Given data =>
+++
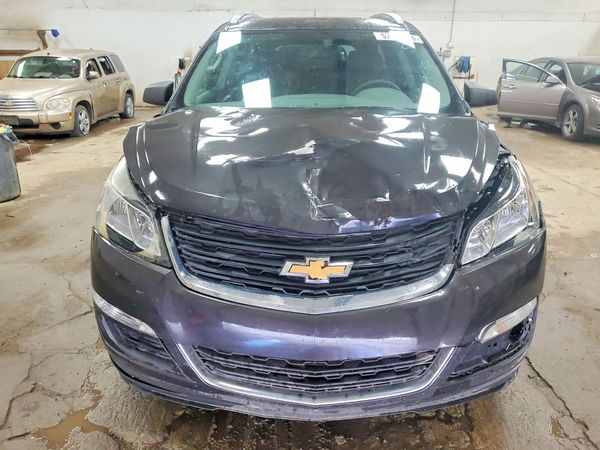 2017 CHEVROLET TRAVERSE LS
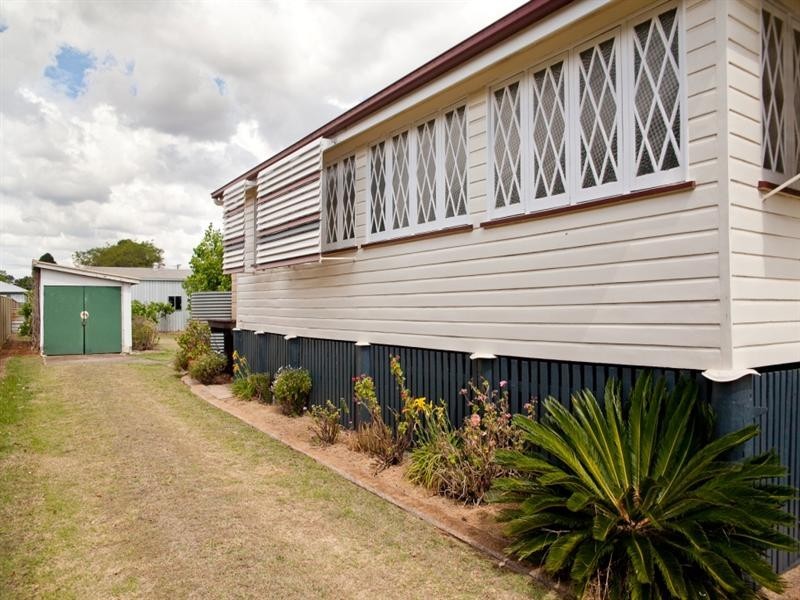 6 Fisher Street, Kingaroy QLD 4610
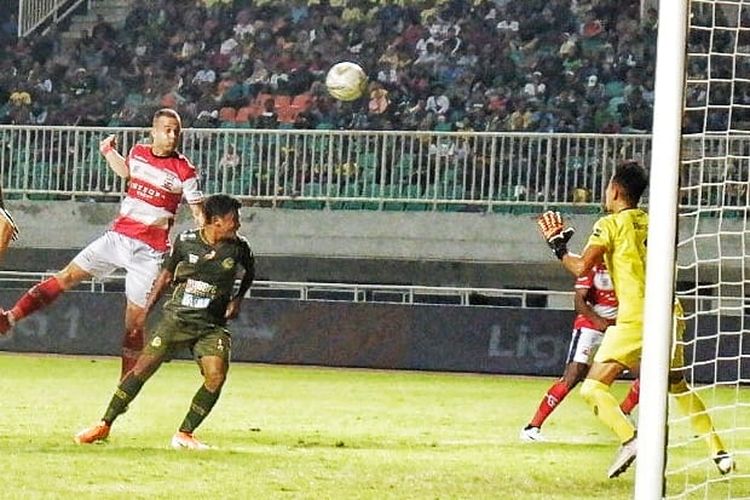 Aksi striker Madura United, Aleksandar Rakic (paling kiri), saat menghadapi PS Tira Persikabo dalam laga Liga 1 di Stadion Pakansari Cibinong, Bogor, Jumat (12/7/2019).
+++
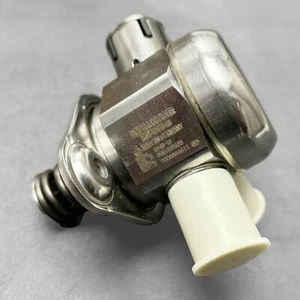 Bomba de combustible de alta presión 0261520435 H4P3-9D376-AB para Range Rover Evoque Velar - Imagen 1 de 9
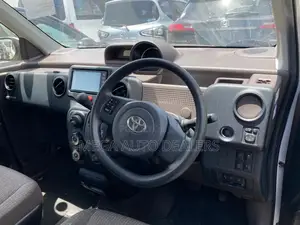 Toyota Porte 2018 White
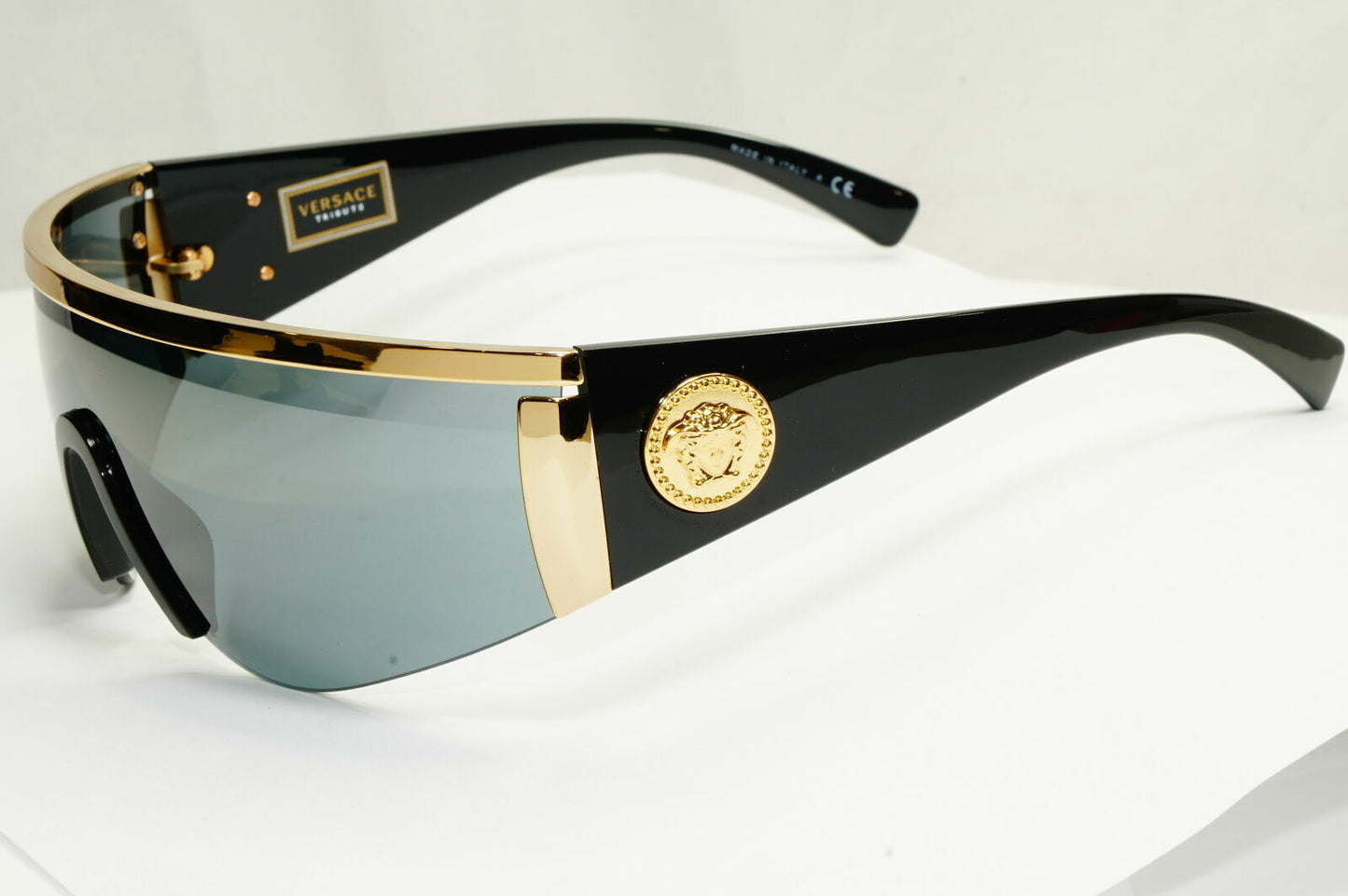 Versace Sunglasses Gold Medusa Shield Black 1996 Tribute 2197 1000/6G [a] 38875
+++
Your instructions => Go to the line above that has "Bomba de combustible" and copy exactly from there down to the line that has "Versace Sunglasses Gold", both included. Leave the pictures out.

Finished task =>
 Bomba de combustible de alta presión 0261520435 H4P3-9D376-AB para Range Rover Evoque Velar - Imagen 1 de 9
 Toyota Porte 2018 White
 Versace Sunglasses Gold Medusa Shield Black 1996 Tribute 2197 1000/6G [a] 38875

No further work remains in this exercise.